Ori Yoran


Turning Tables: Generating Examples from Semi-structured Tables for Endowing Language Models with Reasoning Skills
Ori Yoran | Alon Talmor | Jonathan Berant
Proceedings of the 60th Annual Meeting of the Association for Computational Linguistics (Volume 1: Long Papers)

Models pre-trained with a language modeling objective possess ample world knowledge and language skills, but are known to struggle in tasks that require reasoning. In this work, we propose to leverage semi-structured tables, and automatically generate at scale question-paragraph pairs, where answering the question requires reasoning over multiple facts in the paragraph. We add a pre-training step over this synthetic data, which includes examples that require 16 different reasoning skills such as number comparison, conjunction, and fact composition. To improve data efficiency, we sample examples from reasoning skills where the model currently errs. We evaluate our approach on three reasoning-focused reading comprehension datasets, and show that our model, PReasM, substantially outperforms T5, a popular pre-trained encoder-decoder model. Moreover, sampling examples based on model errors leads to faster training and higher performance.

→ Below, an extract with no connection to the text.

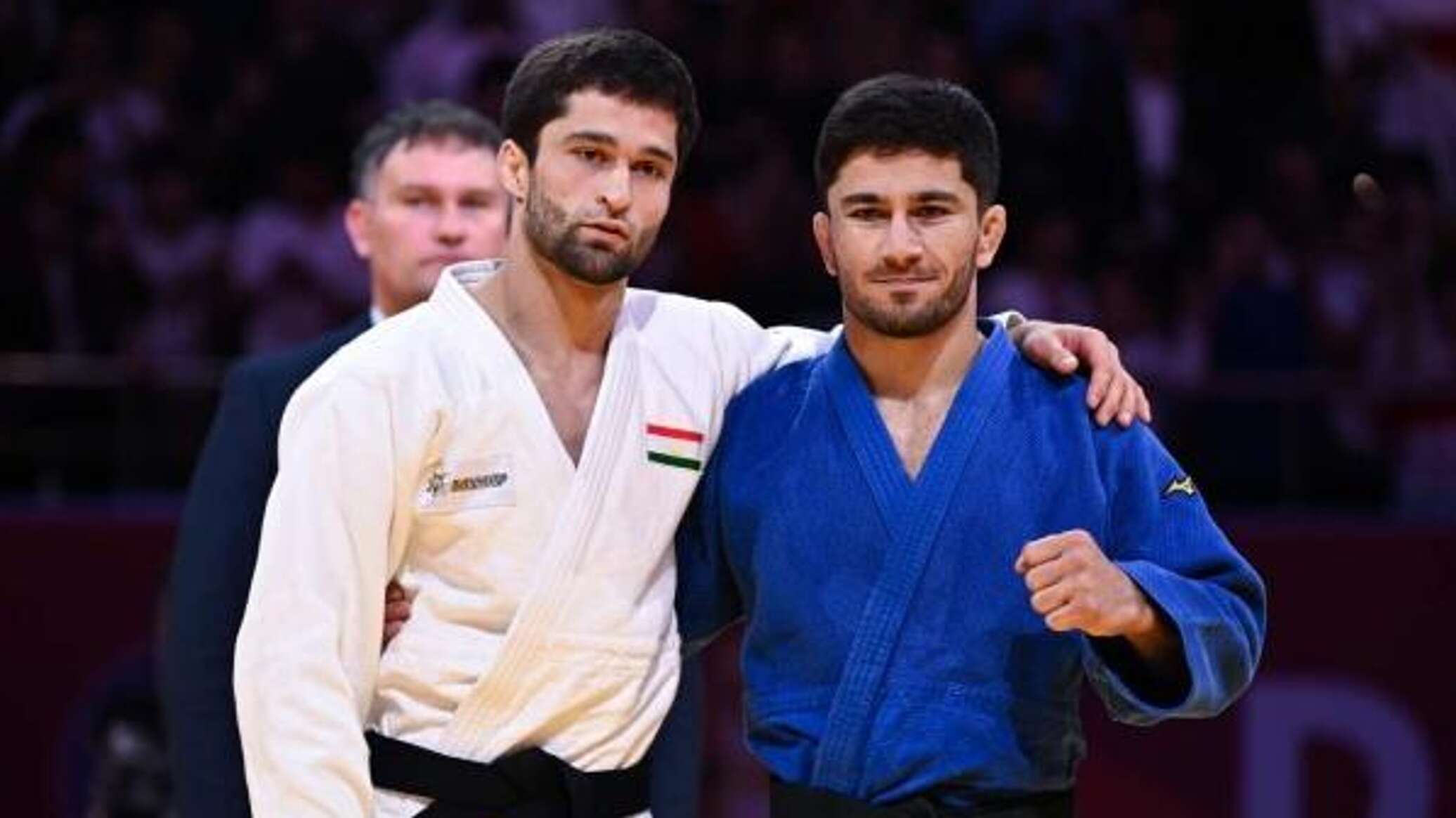 Таджикистанцы завоевали три медали на старте чемпионата Азии в Китае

SCROLLS: Standardized CompaRison Over Long Language Sequences
Uri Shaham | Elad Segal | Maor Ivgi | Avia Efrat | Ori Yoran | Adi Haviv | Ankit Gupta | Wenhan Xiong | Mor Geva | Jonathan Berant | Omer Levy
Proceedings of the 2022 Conference on Empirical Methods in Natural Language Processing

NLP benchmarks have largely focused on short texts, such as sentences and paragraphs, even though long texts comprise a considerable amount of natural language in the wild. We introduce SCROLLS, a suite of tasks that require reasoning over long texts. We examine existing long-text datasets, and handpick ones where the text is naturally long, while prioritizing tasks that involve synthesizing information across the input. SCROLLS contains summarization, question answering, and natural language inference tasks, covering multiple domains, including literature, science, business, and entertainment. Initial baselines, including Longformer Encoder-Decoder, indicate that there is ample room for improvement on SCROLLS. We make all datasets available in a unified text-to-text format and host a live leaderboard to facilitate research on model architecture and pretraining methods.